INPUT RECORDS
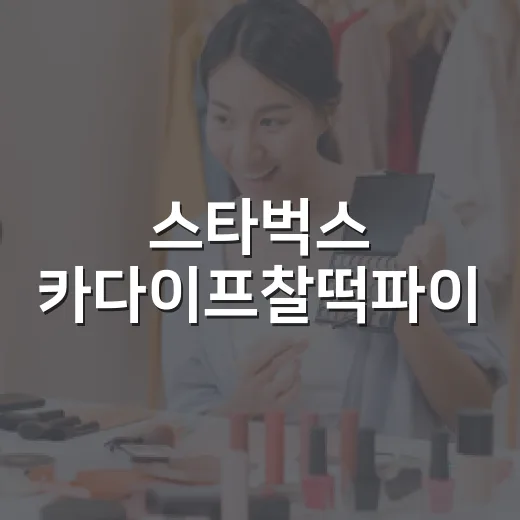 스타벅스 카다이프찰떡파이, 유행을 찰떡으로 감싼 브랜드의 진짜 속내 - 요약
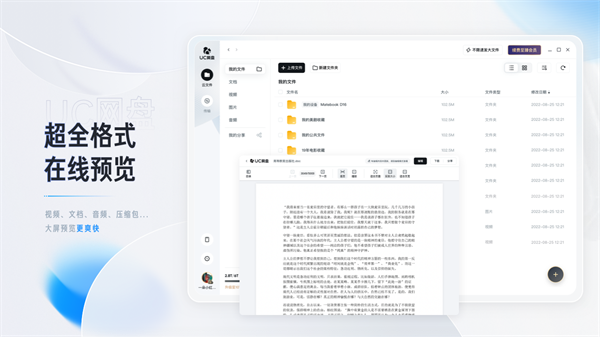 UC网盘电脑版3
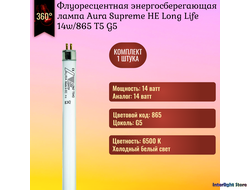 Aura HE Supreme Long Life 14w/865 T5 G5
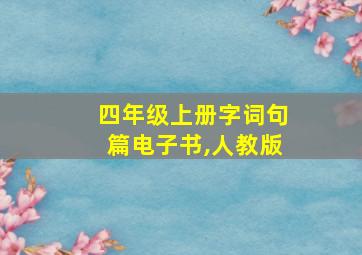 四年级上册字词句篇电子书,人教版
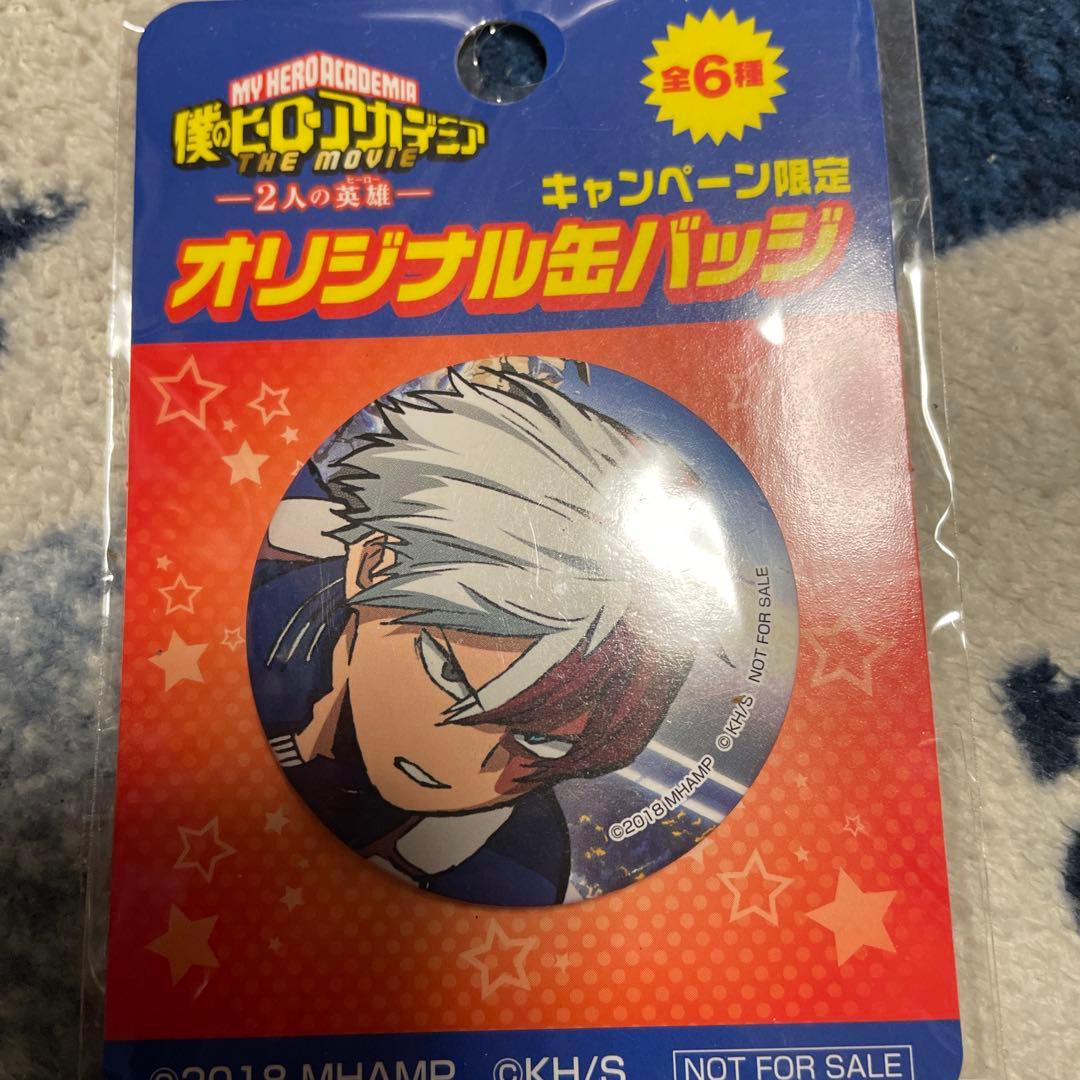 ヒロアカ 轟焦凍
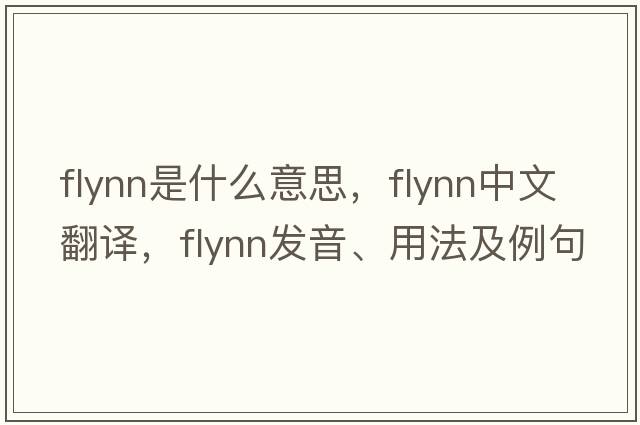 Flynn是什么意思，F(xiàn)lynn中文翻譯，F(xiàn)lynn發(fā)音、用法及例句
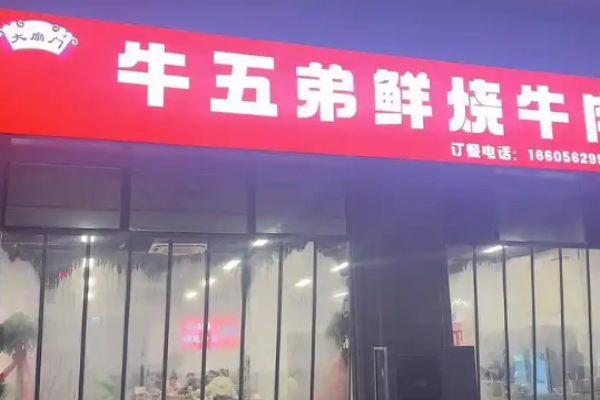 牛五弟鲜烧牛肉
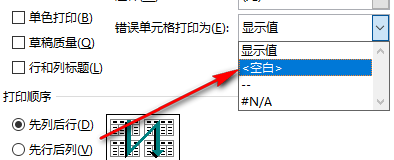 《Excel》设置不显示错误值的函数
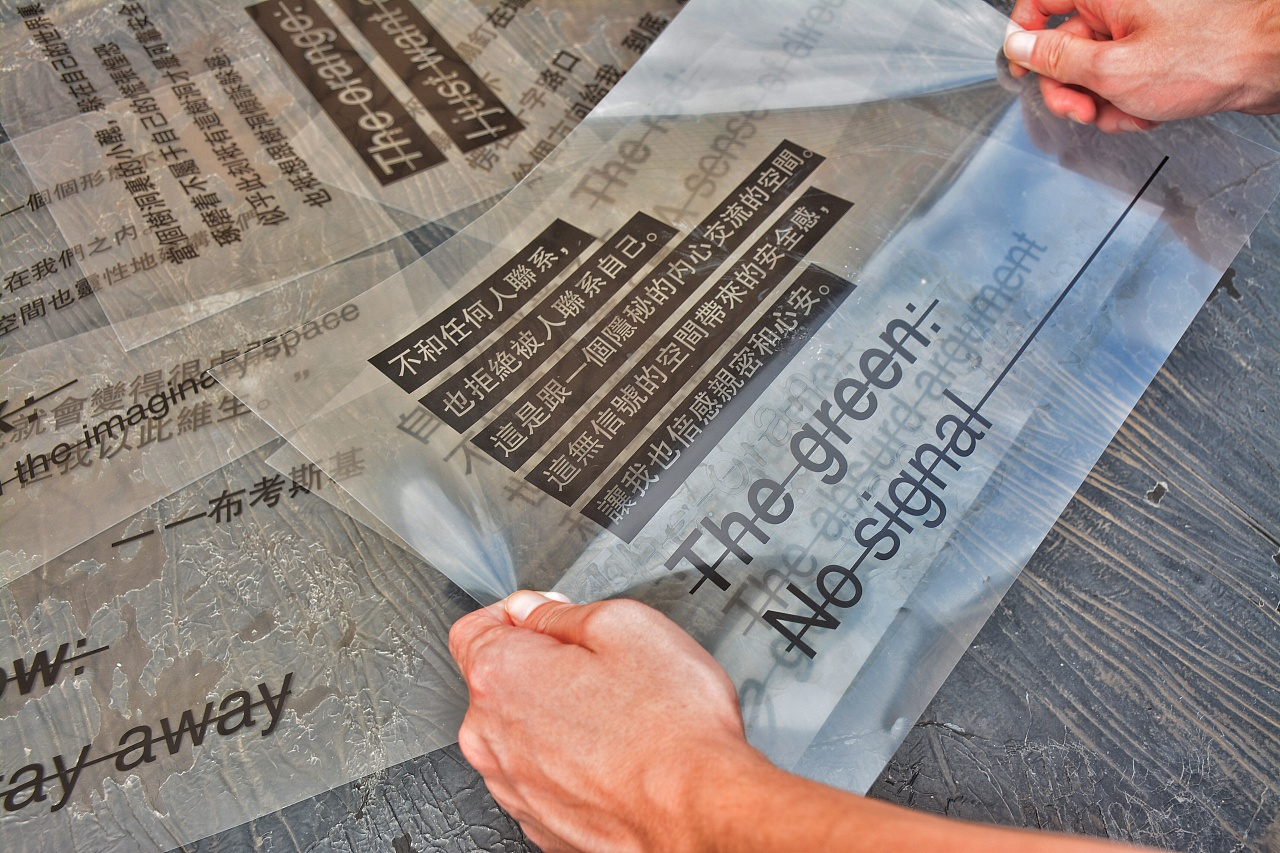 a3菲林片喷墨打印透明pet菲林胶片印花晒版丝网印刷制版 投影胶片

WHAT IS BEING ASKED
Copy only this, please: the line with "Aura HE Supreme Long Life 14w/865 T5 G5" and every line after it through the end of the data, with no pictures.

ANSWER
 Aura HE Supreme Long Life 14w/865 T5 G5
 四年级上册字词句篇电子书,人教版
 ヒロアカ 轟焦凍
 Flynn是什么意思，F(xiàn)lynn中文翻譯，F(xiàn)lynn發(fā)音、用法及例句
 牛五弟鲜烧牛肉
 《Excel》设置不显示错误值的函数
 a3菲林片喷墨打印透明pet菲林胶片印花晒版丝网印刷制版 投影胶片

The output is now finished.